Copy exactly the lines from the one containing "0751 168 0061" through the last line of the records below, both included, and leave out the pictures.

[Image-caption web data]
○ ○ ○ ○ ○ ○ ○
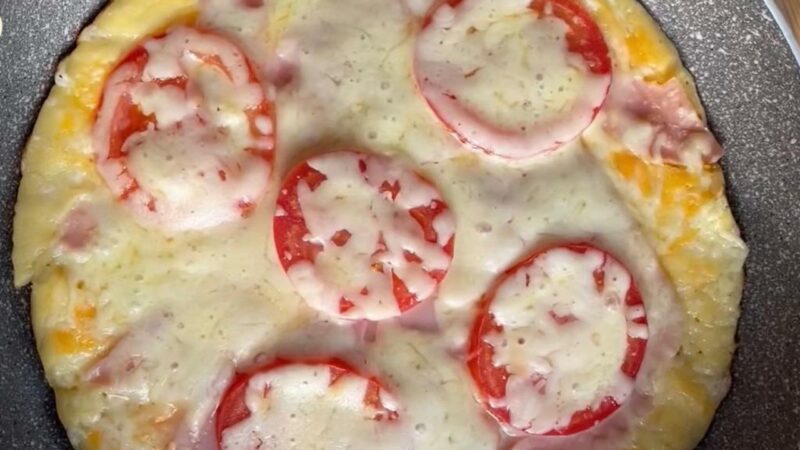 Pizza la tigaie gata în 15 minute – E demențială și e super ușor de făcut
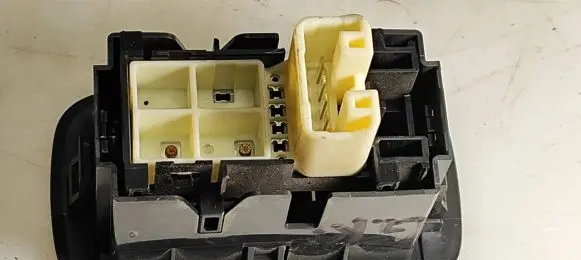 Toyota Auris 150 Electric window control switch
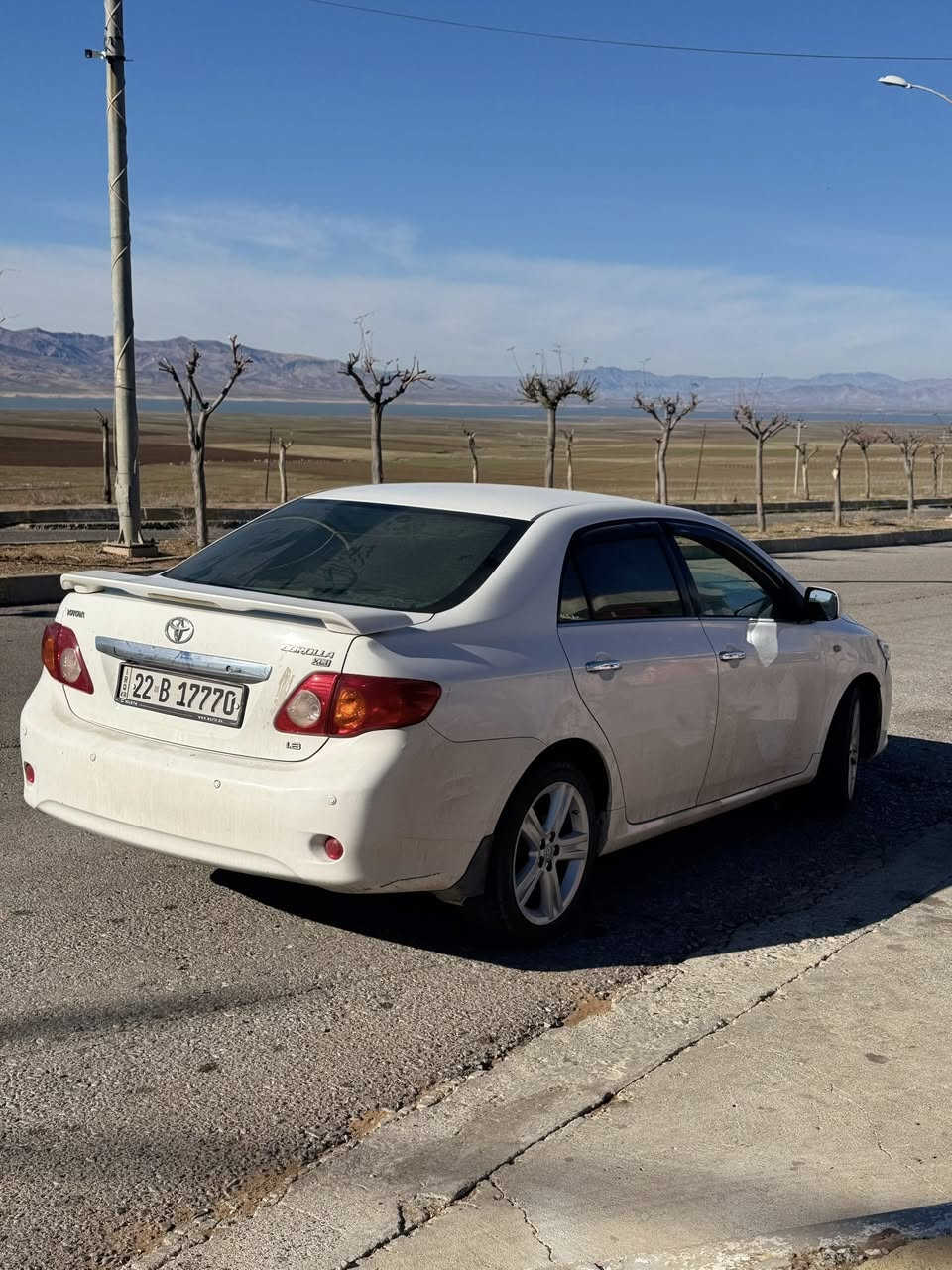 بیکاشۆ ٢٠٠٨بیلاد مەکینە گەورە خەلیجی
بەناوی خۆمەوەیە سەیارەکە هی ماڵی خۆمە 
سەنەویو و هەزە و رەقەم و ژینگەو ریگاو بان و هەمو شتی تازەیە 
  بۆیاغی  نییە و تەنها ٢ بستی بۆیاغە ویل و تایەیی ١٧ ی کەنەدی لەسەرە ئاوینە شەفتە و عاسەیە و شاشە و کامیرایە و دەسک نیکلە بیلاد. و ناو زەردە و ٤ جام کارەبایە 
0751 168 0061
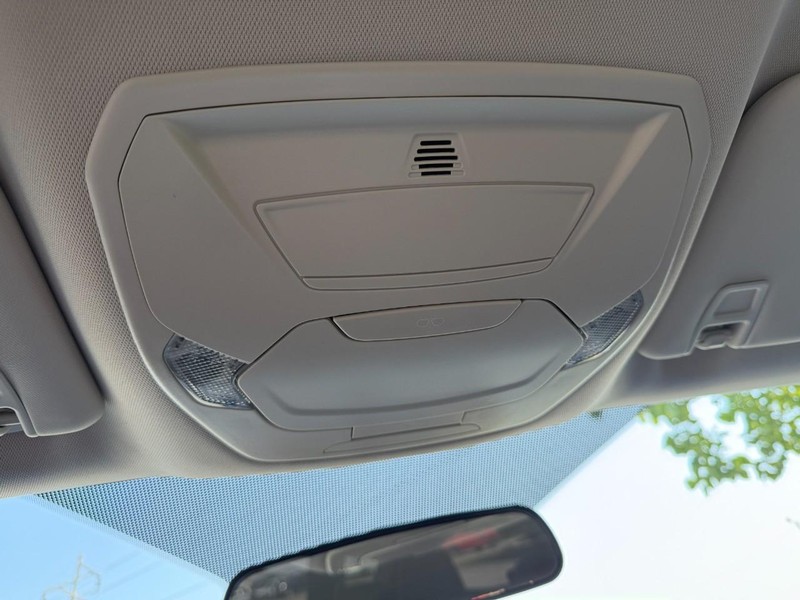 Ford Escape Vehicle Full-screen Gallery Image 44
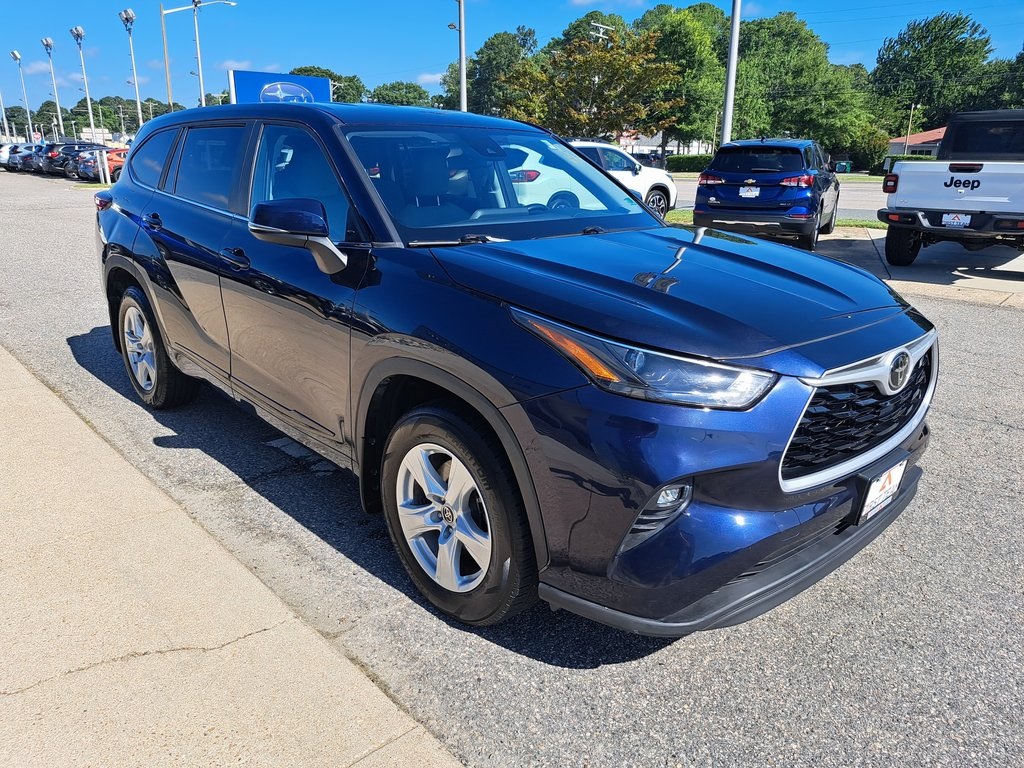 2023 Toyota Highlander LE SUV FWD 8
○ ○ ○ ○ ○ ○ ○
**Exercise solution**
0751 168 0061
 Ford Escape Vehicle Full-screen Gallery Image 44
 2023 Toyota Highlander LE SUV FWD 8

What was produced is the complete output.